RBA seeks to firm up technology services and data analysis
The Reserve Bank of Australia has laid out intentions to make its technology services more resilient, and to make better use of the data it holds, in its latest corporate plan.
The central bank released its latest strategic plan on Wednesday, saying “part of its strategic focus areas will be to strengthen the resilience of technology services” and “harness the power of data”. [pdf]
The report notes that maintaining “key system resilience” is a strategic focus area as the RBA “seeks to avoid system downtime caused by unplanned events”
“This will be achieved by minimising security vulnerabilities to protect against cyber-attacks, enhancing compliance and awareness of security threats and controls, improving the stability of Bank systems, and reducing the complexity of the Bank’s technology environment,” the report states.
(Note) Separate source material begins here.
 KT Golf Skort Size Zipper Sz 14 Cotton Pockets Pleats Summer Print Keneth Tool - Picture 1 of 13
The RBA intends to “keep technology systems patched for security vulnerabilities”, “increase automation of core technology delivery processes”, to invest in technology talent and adopt cloud services “where appropriate”.
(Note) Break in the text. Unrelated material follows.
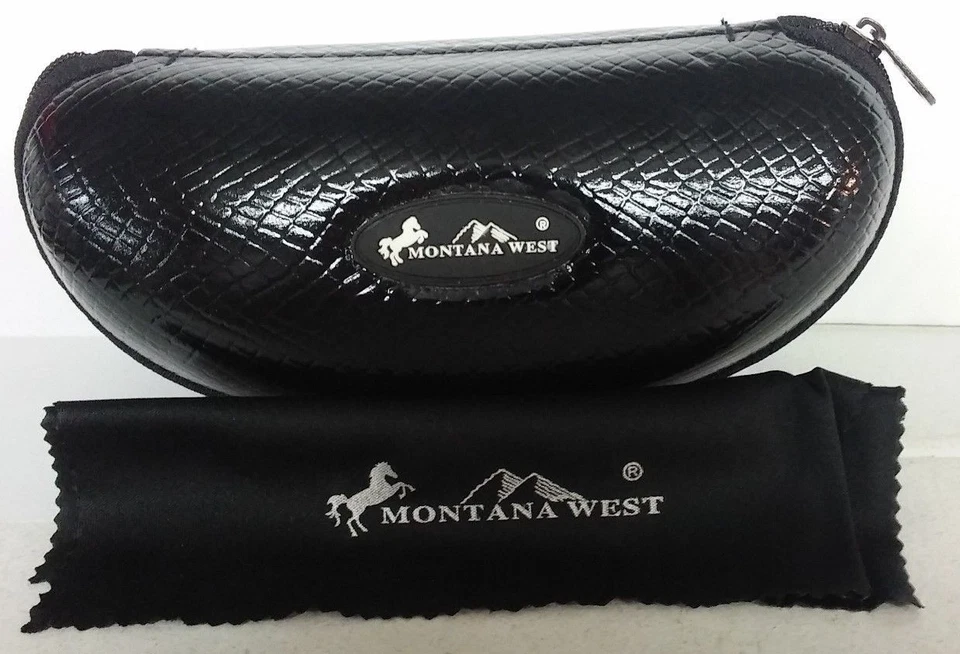 Montana West Black Hard Shell Zippered Sunglass Eyeglass Case and Cleaning Cloth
The bank also highlighted “the maturity of data governance and data management” as keys to making better use of that data.
It also mentioned a refresh to its strategic platforms and tools for storing and analysing data will take place alongside migrating data from legacy systems “and consolidate strategic platforms with modern tools”.
“Additional major changes could be in prospect if new forms of digital money, such as CBDC and stablecoins, are adopted.
“Over the period of this corporate plan, we will work with participants in the payments system on policy issues relating to both legacy and emerging payment methods”.
The added the RBA will work with the treasury to apply payments system regulatory reforms, continue to “realise the potential of the NPP” alongside international payment transparency, and support cash usage while the cheques system winds down.
It also stated it intends to conduct “research with external partners on use cases for CBDC [central bank digital currencies] and evaluating the case for issuing CBDC.”
Some research is already under way, with RBA partnering with the Digital Finance Cooperative Research Centre (DFCRC) earlier this August.
The DFCRC officially launched this week, with the Minister for Financial Services and Assistant Treasurer Stephen Jones calling it “a pivotal point in the way commerce is conducted”.